3 BÜYÜKTE EN UCUZ ANKARA
Değerleme şirketi Ankara ve İzmir’de de yeni konut fiyatlarını da inceledi. Buna göre İzmir’de yeni bir binada en ucuz evin metrekare fiyatı 6 bin 500 lira olsa da birçok ilçede 10 bin lira bandının aşıldığı görülüyor. En yüksek metrekare fiyatına bakıldığında ise rakam 85 bin liraya kadar çıkıyor. 3 büyük ilde en uygun yeni konut seçenekleri ise Ankara’da. Çankaya, Keçiören ve Yenimahalle dışındaki ilçelerde metrekare fiyatı 10 bin liranın altında seçenek var. Hatta merkezi olmayan noktalarda fiyatlar 4-5 bin lira bandına düşüyor. Başkentte en yüksek fiyatlara bakıldığında ise metrekare satış fiyatı 50 bin lirayı buluyor.

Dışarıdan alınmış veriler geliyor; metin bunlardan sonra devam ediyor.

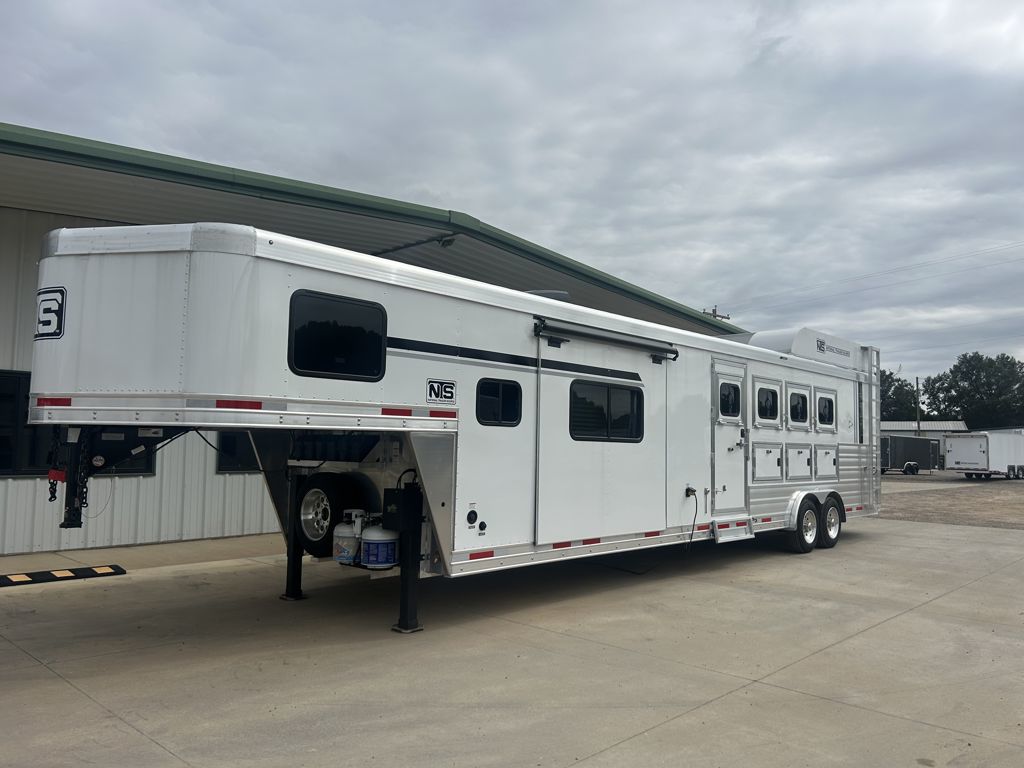 2026 Lakota colt 4 horse side load with 13' living quarters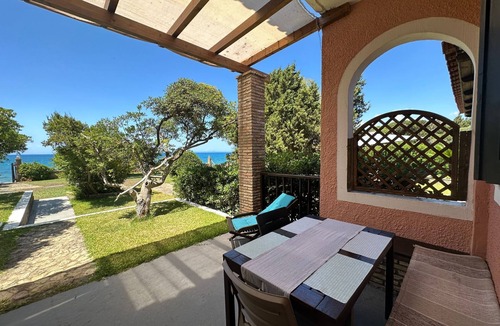 Pyrgos Apartment | Genari Beach Atemberaubender Aufenthalt mit Meerblick by Interhome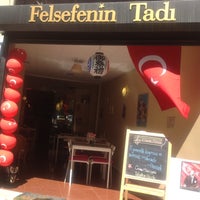 รูปภาพถ่ายที่ Felsefenin Tadı โดย AYNUH เมื่อ 4/23/2013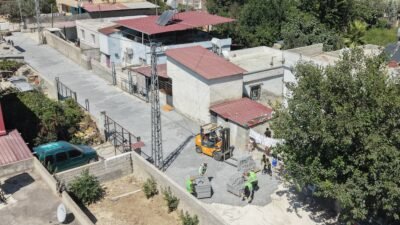 Tarsus Belediyesi, kırsal mahallelerde ulaşım koşullarının iyileştirilmesi amacıyla yürüttüğü yol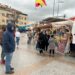 La lluvia impide celebrar los actos de esta tarde y obliga a cerrar el mercado medieval antes de lo previsto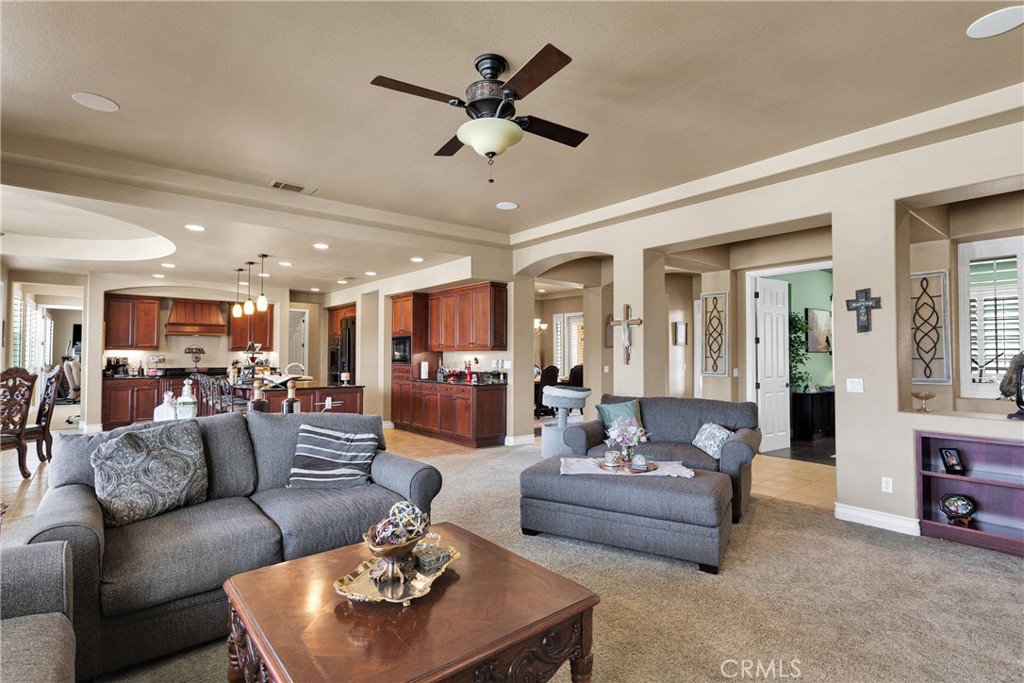 12075 Lamplighter Lane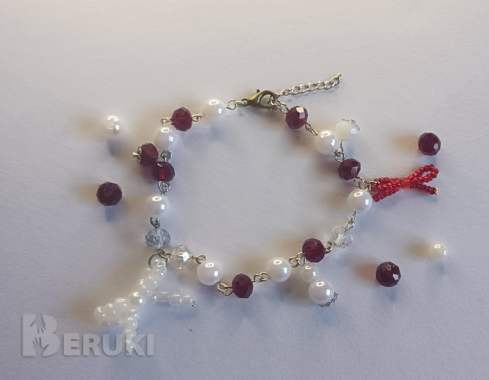 Браслет с бантиками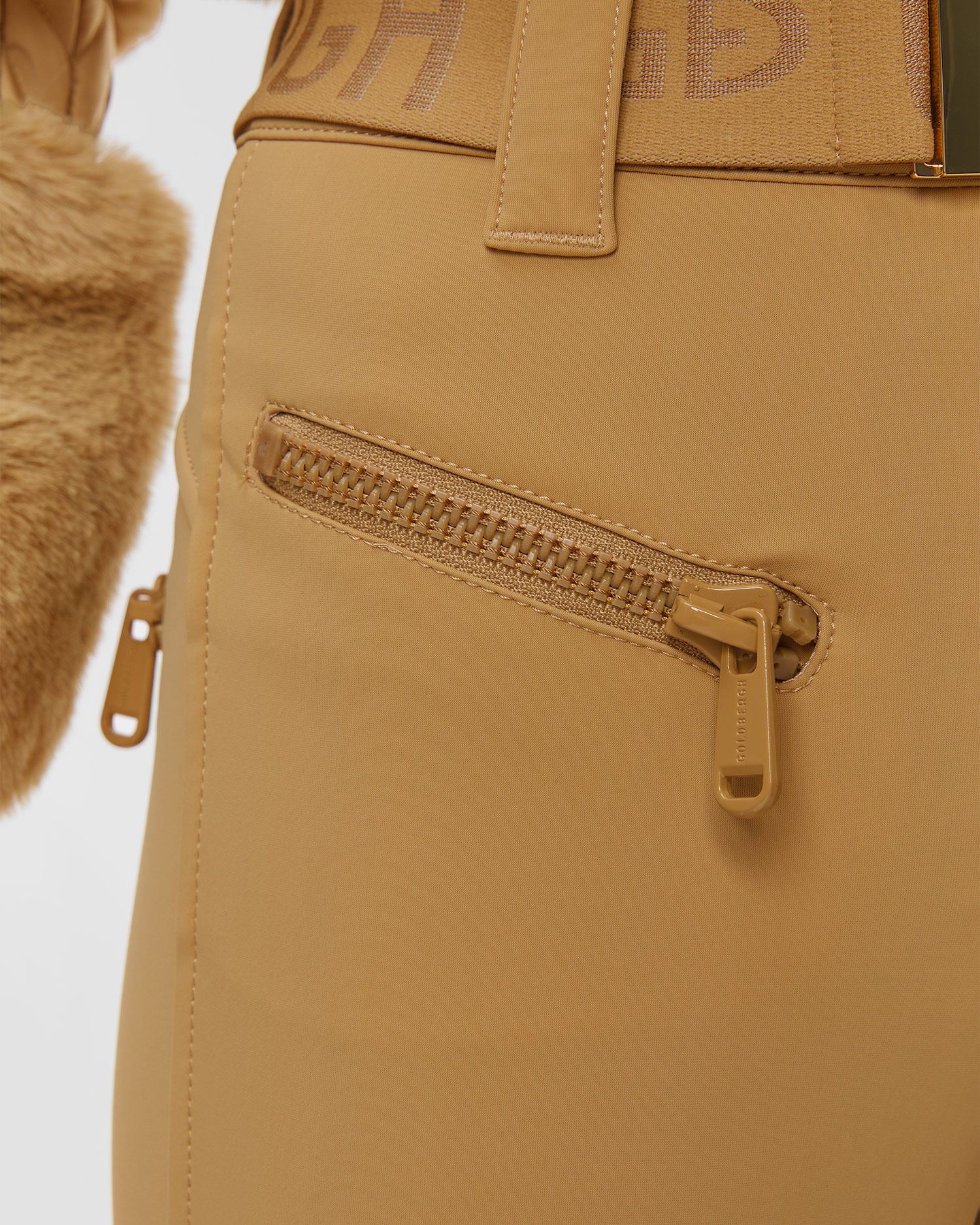 Salopetă de schi în culoarea caramel pentru femei Goldbergh Lieke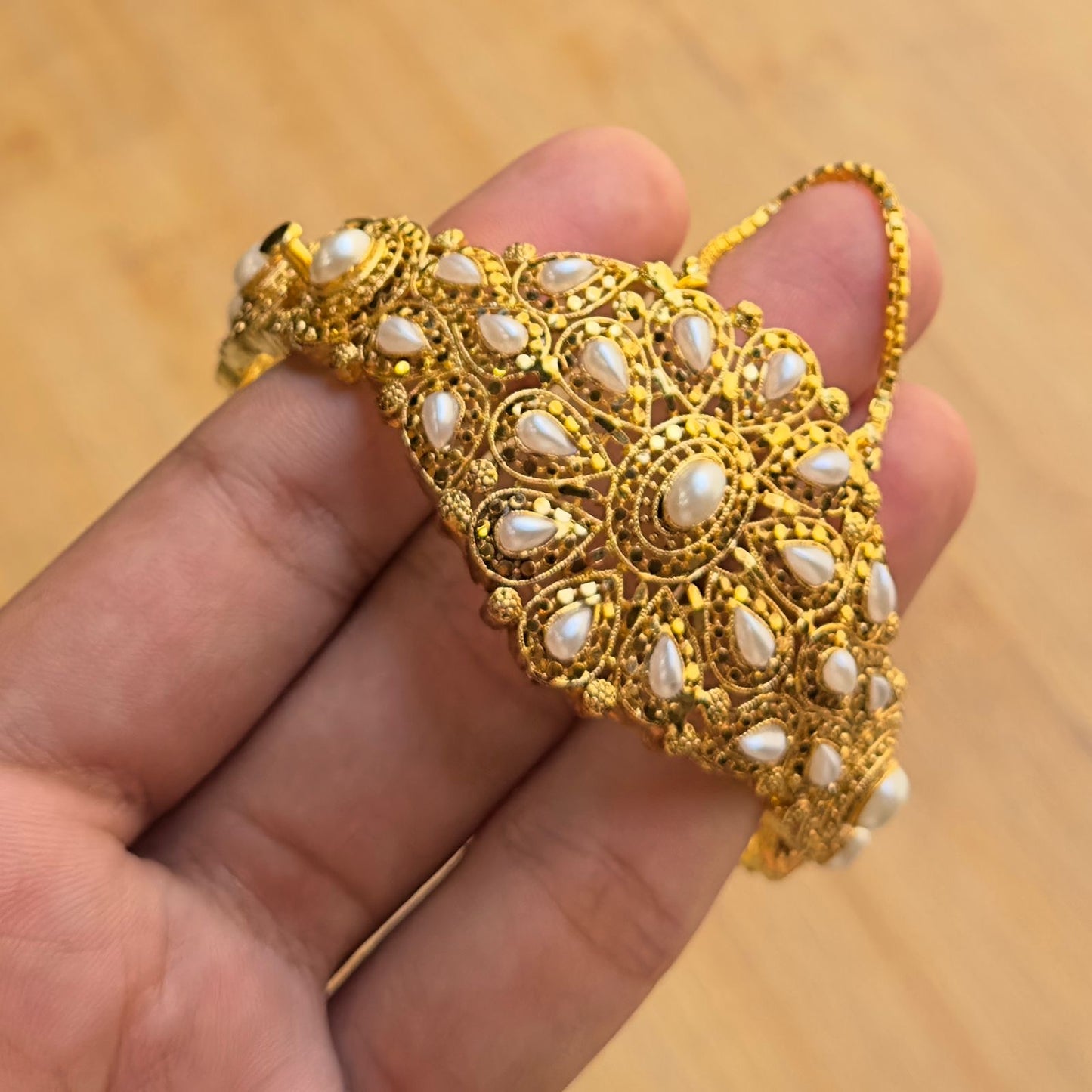 *Goldpolished Openable Bangles*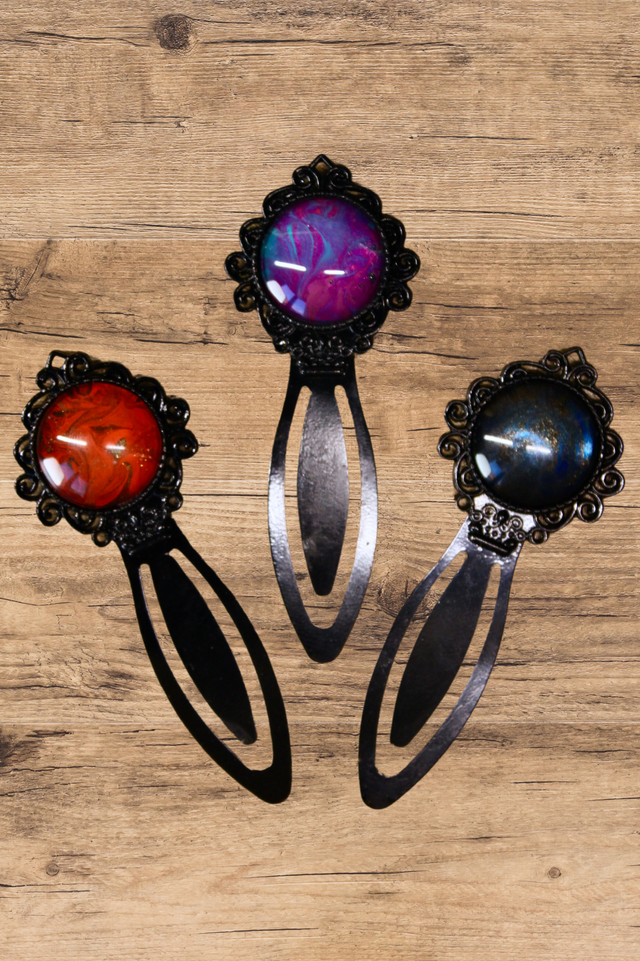 Marque page MON BEAU MIROIR noir mystique (marbré)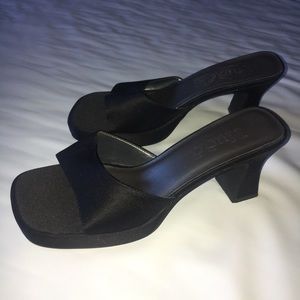 Black Sandals by Mudd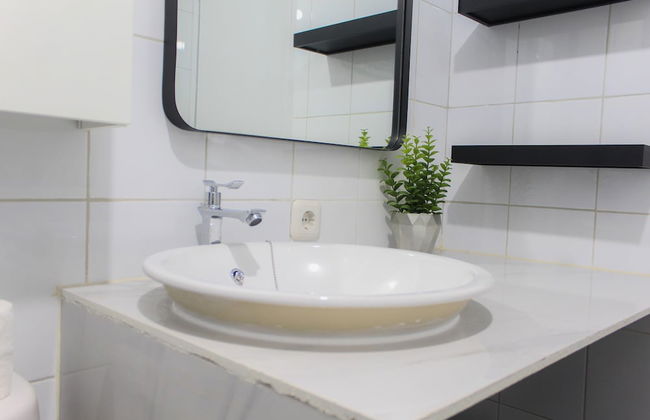 Comfortable 1BR Apartment Emerald Bintaro near British School - Foto 11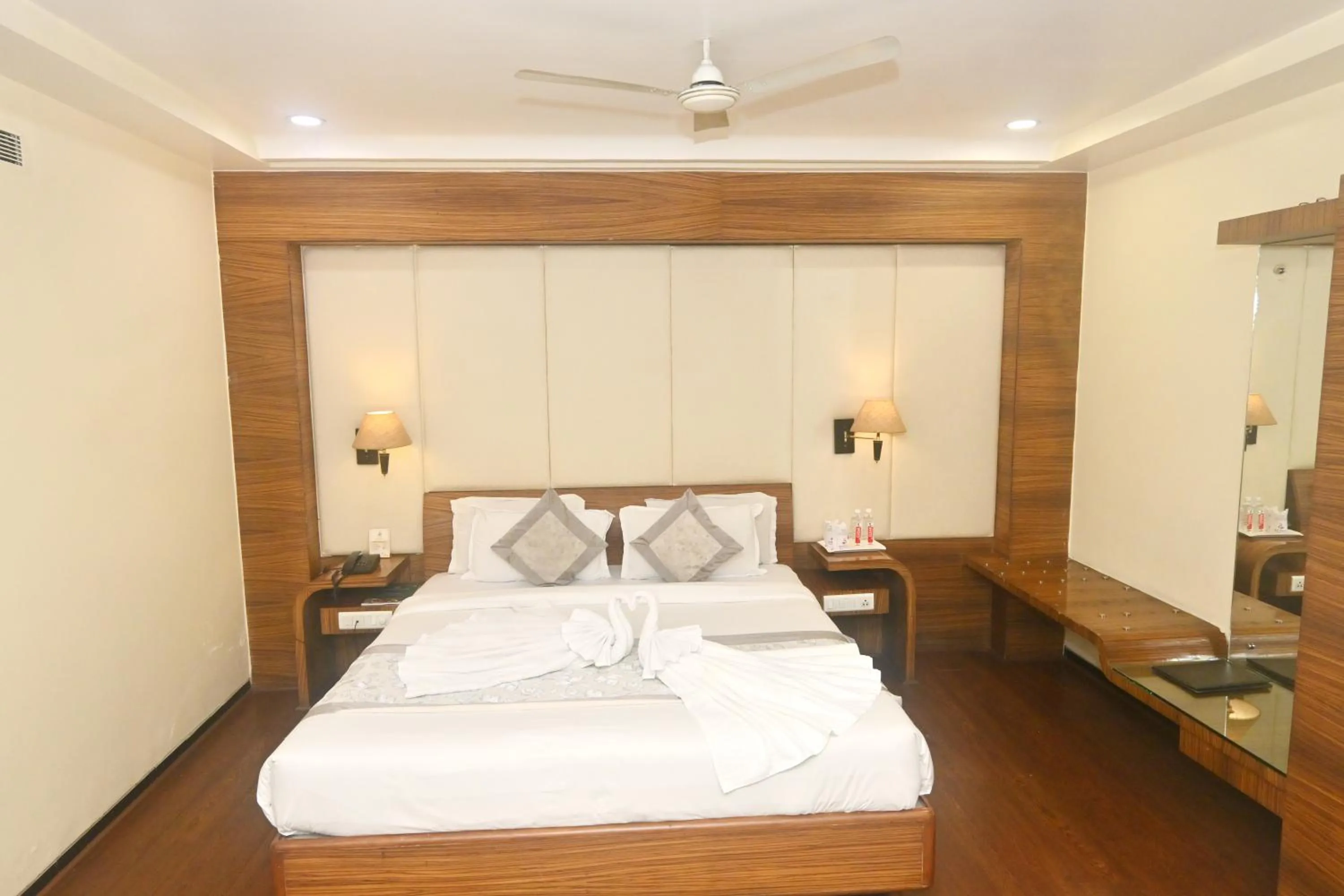 Bed in Simran Heritage(Business Hotel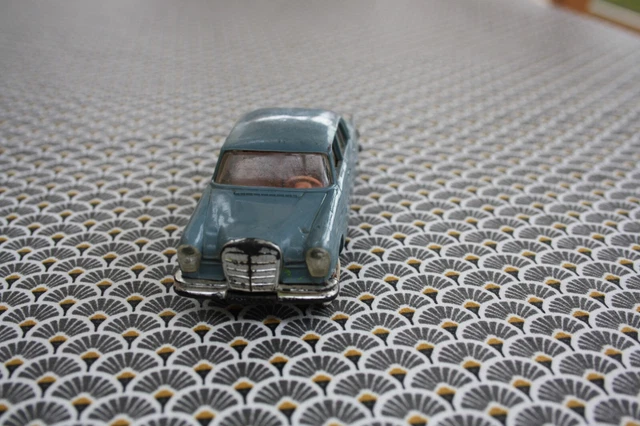 Voitures, camions et fourgons miniatures bleus NOREV Mercedes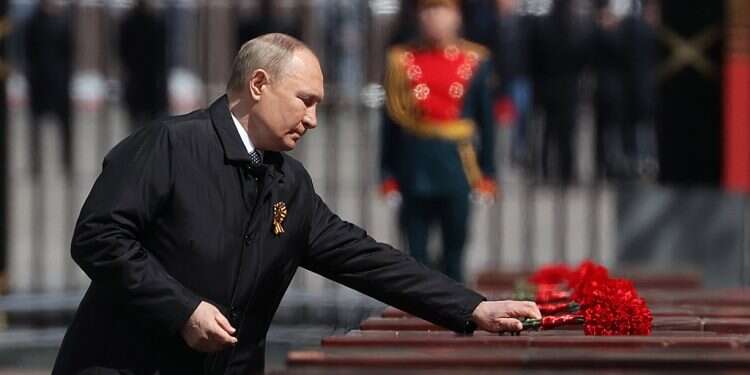 US intel chief says Putin preparing for prolonged, expanded conflict in Ukraine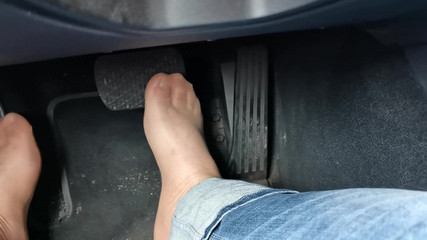 Nylonstrumpfhose im Auto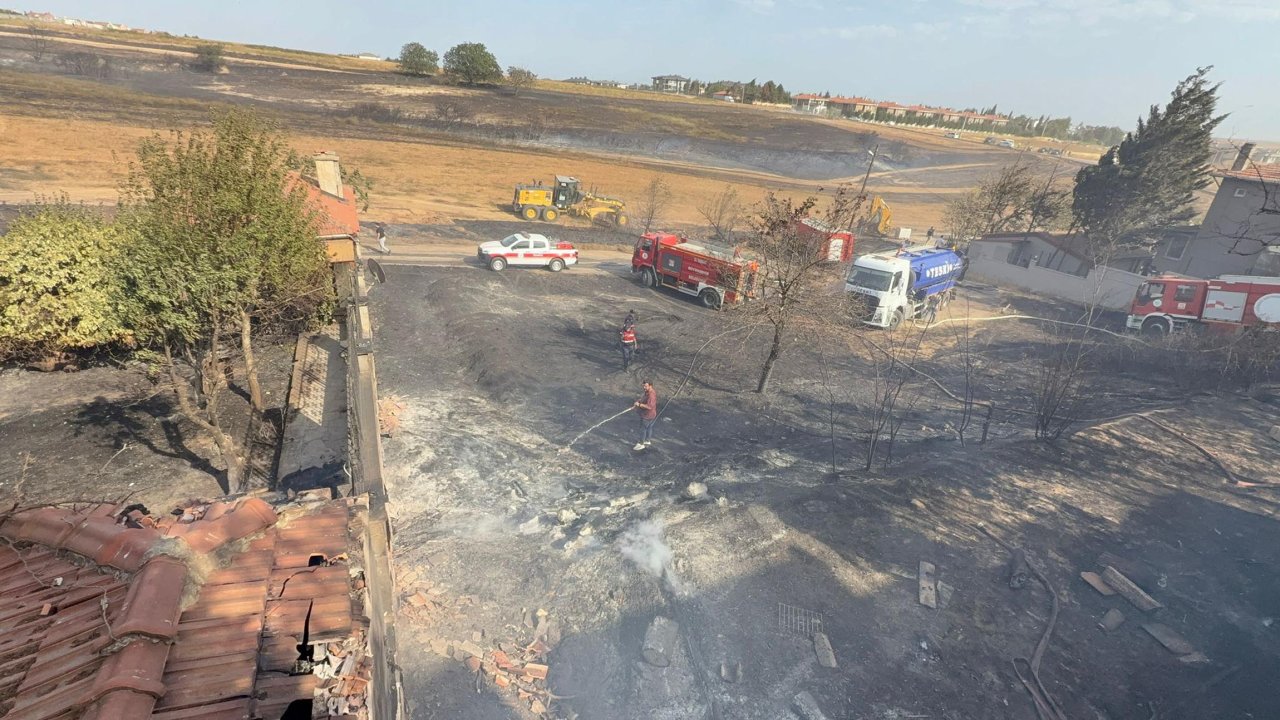 Tekirdağ'da ot yangınında alevler evlere sıçradı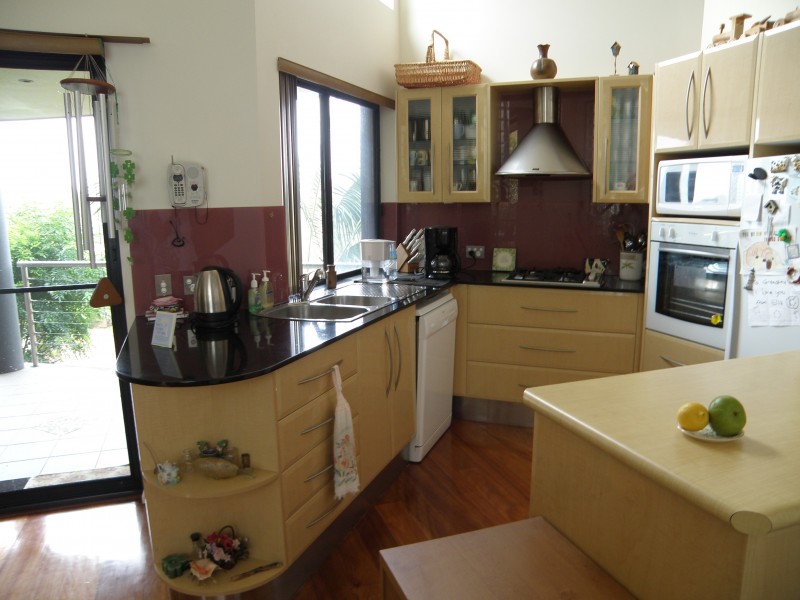 6 Matthew Flinders Drive, Port Macquarie NSW 2444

KONUT FİYATLARI NEDEN ARTTI?
TSKB Gayrimenkul Değerleme Genel Müdürü Makbule Yönel Maya, konut fiyatlarındaki artışın 2021 yılı ekim ayından itibaren sürdüğünü belirterek şu değerlendirmeyi yaptı:
“2022 yılında da konut fiyatlarındaki artış önemli bir başlık olarak gündemde kalmaya devam ediyor. Yeni konut fiyatı araştırmasını bu yıl nisan ayında da yapmıştık. Ortalama artışın geçen 5 aylık sürede İstanbul için yüzde 47, Ankara için yüzde 22.5, İzmir için de yüzde 24 mertebelerinde olduğunu gözlemledik. İstanbul’da 5 ayda yüzde 60’ın üzerinde artış olan ilçeler de var. Bu anlamda 2022’nin önceki yıllardan oldukça farklılaşması dikkat çekiyor. Bu farklılaşmanın nedenlerini irdelediğimizde enflasyonist ortam, mevduat yatırımının reel olarak paranın değerini koruyamaması, arz-talep dengesi, inşaat maliyetlerindeki artış hızı ve artış oranının yüksekliği, talep canlılığına karşı arza yeni eklenen birim sayısındaki azalma gibi etkenler öne çıkıyor.” Maya, “5 aylık bir dönemde bu denli hızlı artışların yılın son çeyreğinde bir miktar hızını düşüreceğini öngörmek mümkün” ifadelerini kullandı.